E a me questa “excusatio non petita” ha fatto pensare che forse il grande Georges parli molto anche di sé stesso e delle sue debolezze umane in questo ritratto che, mano a mano che si giunge alla fine, fa emergere soprattutto il grande rimpianto del protagonista: l’unica cosa che forse gli è mancata, e cioè un amore sincero e disinteressato e una vita tranquilla, simboleggiata da una casetta al mare sulla costa provenzale, con le persiane verdi e che lui tenta, vanamente, di recuperare quando ormai è troppo tardi.
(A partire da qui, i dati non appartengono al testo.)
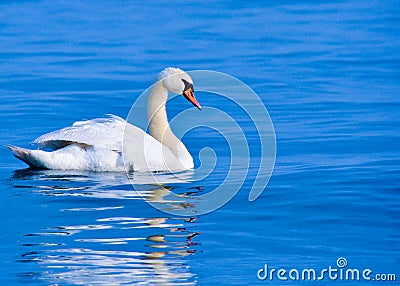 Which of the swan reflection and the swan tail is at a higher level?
the swan tail

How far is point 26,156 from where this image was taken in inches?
444

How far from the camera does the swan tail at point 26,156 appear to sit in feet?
36.7

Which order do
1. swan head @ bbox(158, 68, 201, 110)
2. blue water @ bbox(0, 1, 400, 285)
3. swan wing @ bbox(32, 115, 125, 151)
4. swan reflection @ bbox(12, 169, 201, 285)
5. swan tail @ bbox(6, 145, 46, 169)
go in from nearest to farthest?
swan reflection @ bbox(12, 169, 201, 285)
blue water @ bbox(0, 1, 400, 285)
swan tail @ bbox(6, 145, 46, 169)
swan wing @ bbox(32, 115, 125, 151)
swan head @ bbox(158, 68, 201, 110)

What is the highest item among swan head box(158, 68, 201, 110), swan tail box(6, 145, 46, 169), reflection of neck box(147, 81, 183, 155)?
swan head box(158, 68, 201, 110)

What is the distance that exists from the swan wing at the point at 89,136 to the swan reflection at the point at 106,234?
31cm

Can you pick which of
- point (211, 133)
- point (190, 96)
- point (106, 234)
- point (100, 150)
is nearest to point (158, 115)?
point (190, 96)

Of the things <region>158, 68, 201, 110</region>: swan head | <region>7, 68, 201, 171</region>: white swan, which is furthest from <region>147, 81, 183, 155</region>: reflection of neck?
<region>7, 68, 201, 171</region>: white swan

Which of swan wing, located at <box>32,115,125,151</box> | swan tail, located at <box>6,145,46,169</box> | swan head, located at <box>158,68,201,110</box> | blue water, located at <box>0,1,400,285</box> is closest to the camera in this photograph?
blue water, located at <box>0,1,400,285</box>

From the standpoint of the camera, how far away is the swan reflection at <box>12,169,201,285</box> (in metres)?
7.93

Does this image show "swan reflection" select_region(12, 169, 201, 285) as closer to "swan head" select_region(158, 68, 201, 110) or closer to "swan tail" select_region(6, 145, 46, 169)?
"swan tail" select_region(6, 145, 46, 169)

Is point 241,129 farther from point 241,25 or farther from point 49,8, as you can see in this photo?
point 49,8

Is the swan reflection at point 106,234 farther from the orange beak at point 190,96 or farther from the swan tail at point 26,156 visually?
the orange beak at point 190,96

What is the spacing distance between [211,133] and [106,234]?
4.84 metres

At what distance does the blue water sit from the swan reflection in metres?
0.02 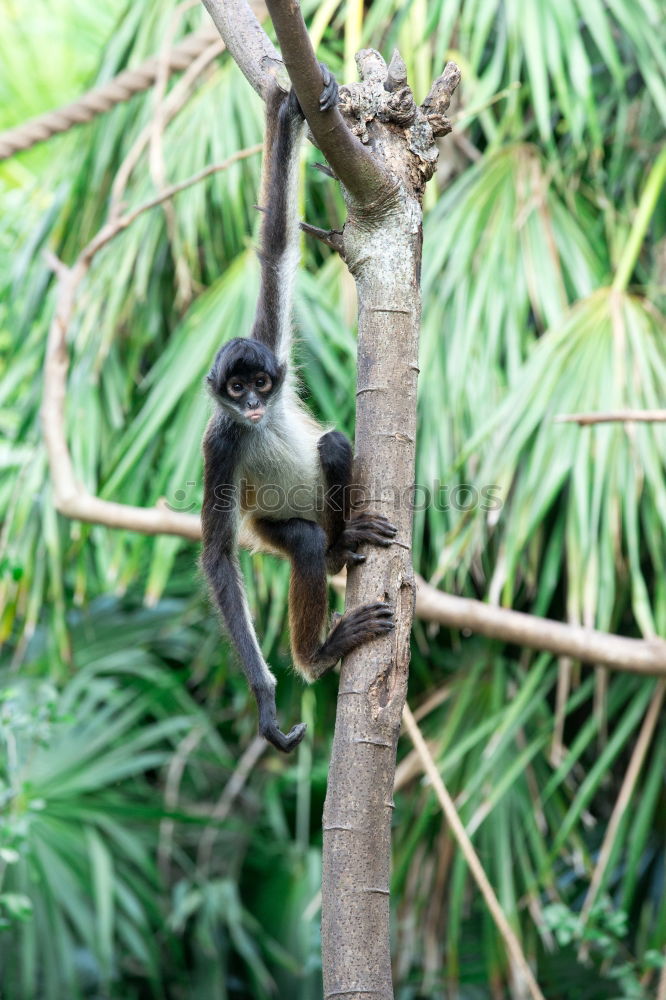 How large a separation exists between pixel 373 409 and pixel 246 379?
107 centimetres

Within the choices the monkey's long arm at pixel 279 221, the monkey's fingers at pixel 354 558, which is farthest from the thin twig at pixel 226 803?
the monkey's fingers at pixel 354 558

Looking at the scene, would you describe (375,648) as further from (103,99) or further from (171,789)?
(103,99)

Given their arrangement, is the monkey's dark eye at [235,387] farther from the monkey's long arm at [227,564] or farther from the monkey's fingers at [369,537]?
the monkey's fingers at [369,537]

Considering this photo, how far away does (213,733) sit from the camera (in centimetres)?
562

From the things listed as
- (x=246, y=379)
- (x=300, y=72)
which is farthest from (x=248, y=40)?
(x=246, y=379)

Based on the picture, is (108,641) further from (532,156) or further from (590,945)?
(532,156)

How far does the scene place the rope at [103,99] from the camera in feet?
16.3

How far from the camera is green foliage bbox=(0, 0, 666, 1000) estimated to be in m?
4.26

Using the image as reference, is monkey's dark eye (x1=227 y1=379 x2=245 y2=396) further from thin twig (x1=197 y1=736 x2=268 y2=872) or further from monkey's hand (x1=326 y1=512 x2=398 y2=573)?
thin twig (x1=197 y1=736 x2=268 y2=872)

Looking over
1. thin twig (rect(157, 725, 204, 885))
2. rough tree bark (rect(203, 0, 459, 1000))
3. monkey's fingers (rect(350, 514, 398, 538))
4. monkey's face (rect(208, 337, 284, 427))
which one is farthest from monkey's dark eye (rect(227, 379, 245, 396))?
thin twig (rect(157, 725, 204, 885))

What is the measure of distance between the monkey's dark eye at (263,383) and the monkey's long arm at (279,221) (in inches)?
3.0

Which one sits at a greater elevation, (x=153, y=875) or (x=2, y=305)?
(x=2, y=305)

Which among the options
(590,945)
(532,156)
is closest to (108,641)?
(590,945)

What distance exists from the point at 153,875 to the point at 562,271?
3.38 meters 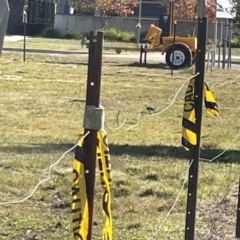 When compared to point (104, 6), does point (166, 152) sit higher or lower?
lower

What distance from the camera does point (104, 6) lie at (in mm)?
50062

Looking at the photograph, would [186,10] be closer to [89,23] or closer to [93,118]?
[89,23]

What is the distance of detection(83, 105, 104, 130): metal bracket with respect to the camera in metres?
3.54

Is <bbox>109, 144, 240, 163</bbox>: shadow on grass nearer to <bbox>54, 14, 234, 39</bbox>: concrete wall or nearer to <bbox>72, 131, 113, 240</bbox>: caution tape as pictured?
<bbox>72, 131, 113, 240</bbox>: caution tape

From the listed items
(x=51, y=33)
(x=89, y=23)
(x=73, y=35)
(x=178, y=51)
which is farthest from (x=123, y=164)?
(x=89, y=23)

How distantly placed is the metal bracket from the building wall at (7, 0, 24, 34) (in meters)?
46.9

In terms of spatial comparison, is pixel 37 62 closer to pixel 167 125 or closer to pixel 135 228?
pixel 167 125

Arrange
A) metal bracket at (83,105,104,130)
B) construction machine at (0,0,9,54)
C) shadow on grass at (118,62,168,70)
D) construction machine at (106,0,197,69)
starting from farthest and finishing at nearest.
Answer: shadow on grass at (118,62,168,70)
construction machine at (106,0,197,69)
metal bracket at (83,105,104,130)
construction machine at (0,0,9,54)

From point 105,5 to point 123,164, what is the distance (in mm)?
42490

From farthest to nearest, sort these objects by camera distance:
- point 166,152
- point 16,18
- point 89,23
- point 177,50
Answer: point 89,23
point 16,18
point 177,50
point 166,152

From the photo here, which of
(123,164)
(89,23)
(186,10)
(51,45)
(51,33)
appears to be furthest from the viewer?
(89,23)

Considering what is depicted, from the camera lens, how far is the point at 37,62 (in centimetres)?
2556

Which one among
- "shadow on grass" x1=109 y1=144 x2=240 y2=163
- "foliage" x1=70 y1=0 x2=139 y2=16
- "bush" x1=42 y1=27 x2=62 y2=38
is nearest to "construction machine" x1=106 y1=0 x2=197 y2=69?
"shadow on grass" x1=109 y1=144 x2=240 y2=163

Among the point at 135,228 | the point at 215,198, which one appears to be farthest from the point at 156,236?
the point at 215,198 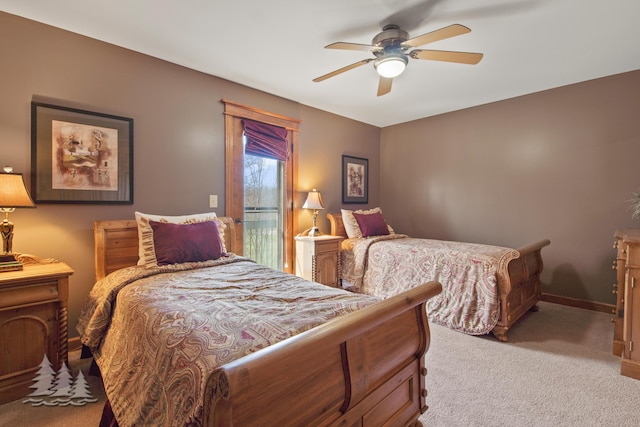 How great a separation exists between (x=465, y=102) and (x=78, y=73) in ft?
14.0

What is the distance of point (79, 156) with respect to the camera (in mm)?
2424

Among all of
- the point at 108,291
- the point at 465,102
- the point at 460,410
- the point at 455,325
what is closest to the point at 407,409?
the point at 460,410

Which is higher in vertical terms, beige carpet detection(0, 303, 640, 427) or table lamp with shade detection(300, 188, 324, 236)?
table lamp with shade detection(300, 188, 324, 236)

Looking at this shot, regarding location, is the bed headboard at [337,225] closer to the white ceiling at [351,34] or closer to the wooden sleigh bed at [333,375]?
the white ceiling at [351,34]

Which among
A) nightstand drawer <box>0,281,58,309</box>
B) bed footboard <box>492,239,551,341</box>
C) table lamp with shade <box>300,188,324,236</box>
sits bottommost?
bed footboard <box>492,239,551,341</box>

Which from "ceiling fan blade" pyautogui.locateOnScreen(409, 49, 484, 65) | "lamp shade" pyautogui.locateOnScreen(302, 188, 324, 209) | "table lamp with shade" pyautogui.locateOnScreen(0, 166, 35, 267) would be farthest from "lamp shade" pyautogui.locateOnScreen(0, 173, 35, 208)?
"ceiling fan blade" pyautogui.locateOnScreen(409, 49, 484, 65)

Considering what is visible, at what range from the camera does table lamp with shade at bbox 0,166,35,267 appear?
1.87m

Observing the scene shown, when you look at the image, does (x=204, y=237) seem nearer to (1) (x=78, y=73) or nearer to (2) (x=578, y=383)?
(1) (x=78, y=73)

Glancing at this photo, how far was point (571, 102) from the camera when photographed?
3.51 m

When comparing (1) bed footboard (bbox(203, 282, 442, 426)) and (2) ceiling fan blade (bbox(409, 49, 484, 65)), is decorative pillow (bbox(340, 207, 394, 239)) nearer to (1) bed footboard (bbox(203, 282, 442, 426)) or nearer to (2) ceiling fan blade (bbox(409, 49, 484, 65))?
(2) ceiling fan blade (bbox(409, 49, 484, 65))

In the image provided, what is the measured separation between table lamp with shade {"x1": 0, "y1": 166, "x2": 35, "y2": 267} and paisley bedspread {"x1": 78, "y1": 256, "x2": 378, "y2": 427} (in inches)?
22.6

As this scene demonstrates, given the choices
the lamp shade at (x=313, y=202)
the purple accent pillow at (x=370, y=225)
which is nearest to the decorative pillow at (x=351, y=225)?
the purple accent pillow at (x=370, y=225)

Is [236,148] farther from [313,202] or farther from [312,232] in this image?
[312,232]

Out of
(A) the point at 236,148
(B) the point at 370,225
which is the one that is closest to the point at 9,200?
(A) the point at 236,148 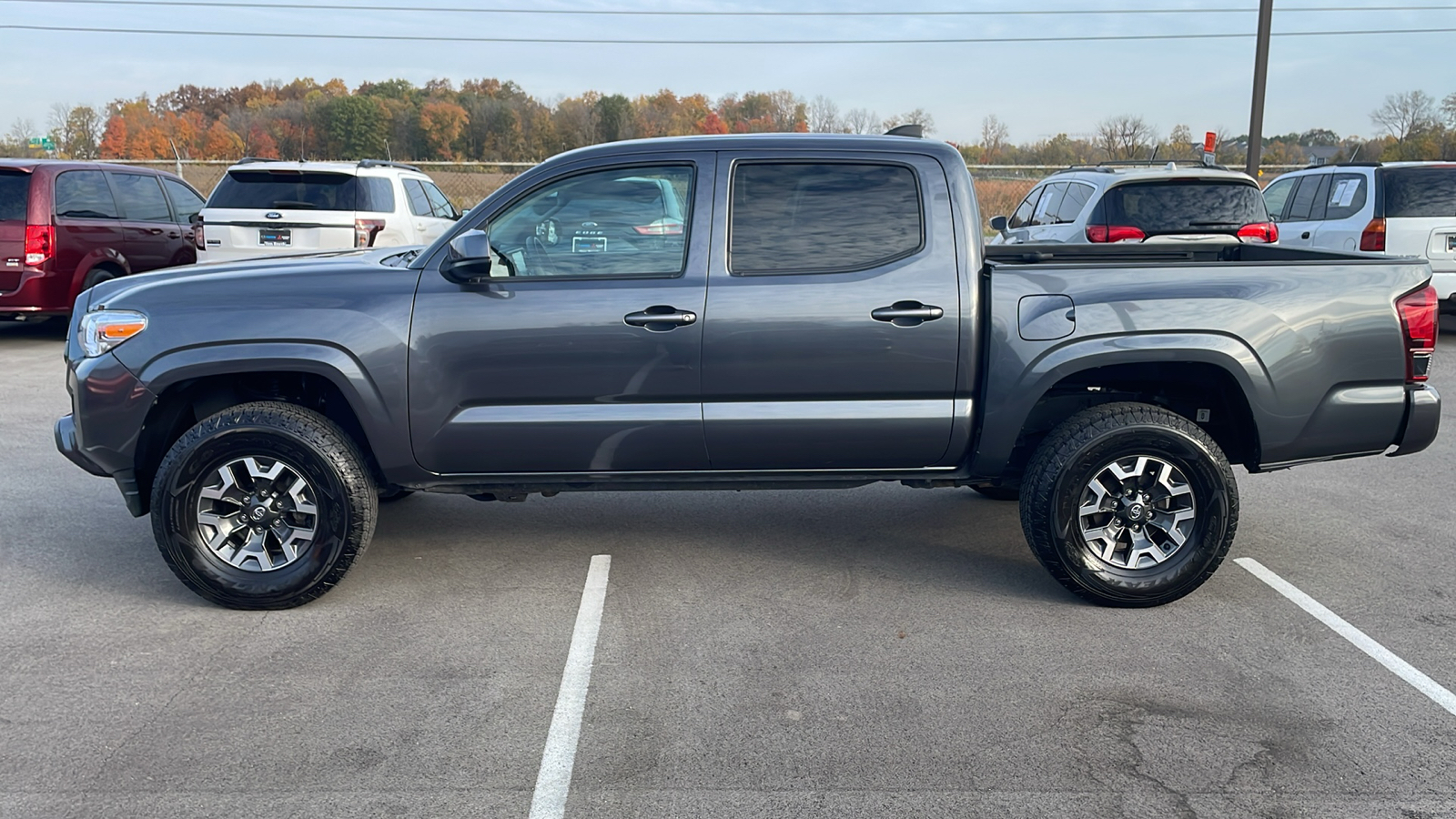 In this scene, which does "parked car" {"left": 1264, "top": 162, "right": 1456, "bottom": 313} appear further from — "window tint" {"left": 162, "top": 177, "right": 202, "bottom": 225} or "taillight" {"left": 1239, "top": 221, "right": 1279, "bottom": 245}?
"window tint" {"left": 162, "top": 177, "right": 202, "bottom": 225}

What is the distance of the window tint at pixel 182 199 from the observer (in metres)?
13.0

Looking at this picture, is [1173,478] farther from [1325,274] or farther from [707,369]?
[707,369]

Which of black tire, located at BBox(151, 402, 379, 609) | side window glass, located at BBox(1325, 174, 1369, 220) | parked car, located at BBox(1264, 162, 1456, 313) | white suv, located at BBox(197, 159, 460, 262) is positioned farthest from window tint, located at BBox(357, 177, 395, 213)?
side window glass, located at BBox(1325, 174, 1369, 220)

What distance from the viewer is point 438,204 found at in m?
13.1

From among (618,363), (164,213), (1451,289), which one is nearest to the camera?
(618,363)

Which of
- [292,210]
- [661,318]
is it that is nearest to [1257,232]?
[661,318]

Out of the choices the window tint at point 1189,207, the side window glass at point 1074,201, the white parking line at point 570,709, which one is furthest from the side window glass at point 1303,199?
the white parking line at point 570,709

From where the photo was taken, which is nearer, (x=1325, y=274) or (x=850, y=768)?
(x=850, y=768)

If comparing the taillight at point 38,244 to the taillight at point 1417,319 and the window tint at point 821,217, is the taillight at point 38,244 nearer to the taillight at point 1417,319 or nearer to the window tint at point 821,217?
the window tint at point 821,217

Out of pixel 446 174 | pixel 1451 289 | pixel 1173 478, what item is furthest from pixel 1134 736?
pixel 446 174

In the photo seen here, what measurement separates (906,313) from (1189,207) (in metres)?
6.81

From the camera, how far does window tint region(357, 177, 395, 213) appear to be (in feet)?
36.2

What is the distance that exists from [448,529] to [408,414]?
50.7 inches

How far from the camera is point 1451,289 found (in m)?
10.9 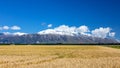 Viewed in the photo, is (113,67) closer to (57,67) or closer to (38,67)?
(57,67)

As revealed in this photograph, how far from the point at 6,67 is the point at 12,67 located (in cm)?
63

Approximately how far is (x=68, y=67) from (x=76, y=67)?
753 mm

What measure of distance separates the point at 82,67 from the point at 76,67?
0.54 metres

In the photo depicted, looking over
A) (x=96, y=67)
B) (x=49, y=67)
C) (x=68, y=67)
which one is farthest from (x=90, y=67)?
(x=49, y=67)

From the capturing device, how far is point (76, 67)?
2362 cm

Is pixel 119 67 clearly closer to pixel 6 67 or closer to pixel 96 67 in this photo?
pixel 96 67

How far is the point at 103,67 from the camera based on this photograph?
23469mm

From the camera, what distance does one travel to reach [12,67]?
23375 millimetres

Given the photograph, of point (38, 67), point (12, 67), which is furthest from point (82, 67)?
point (12, 67)

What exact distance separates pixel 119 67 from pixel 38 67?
24.1 ft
“Bevve il terzo bicchiere a occhi chiusi. Poi ne bevve un quarto e solo allora si eresse in tutta la sua altezza, spinse il petto in fuori, gonfiò le guance e tornò a essere quello che tutti erano abituati a vedere. Si guardò intorno, osservando le facce che fluttuavano tra le nuvole di fumo, e contrasse le labbra in una smorfia, la sua famosa smorfia, feroce e patetica insieme, che alla fine produsse l’effetto desiderato, li fece ridere, come a teatro faceva ridere la platea, il tipico riso nervoso di chi per un attimo ha avuto paura.”

«Tu non hai mai sognato una casa con le persiane verdi?».
«Non mi pare. No».
«Neanche quando eri piccolo?».
Lui preferì non rispondere.
«Già, ma tu sei del tutto privo di sensibilità. Non hai mai desiderato nemmeno una donna dolce con cui avere dei figli».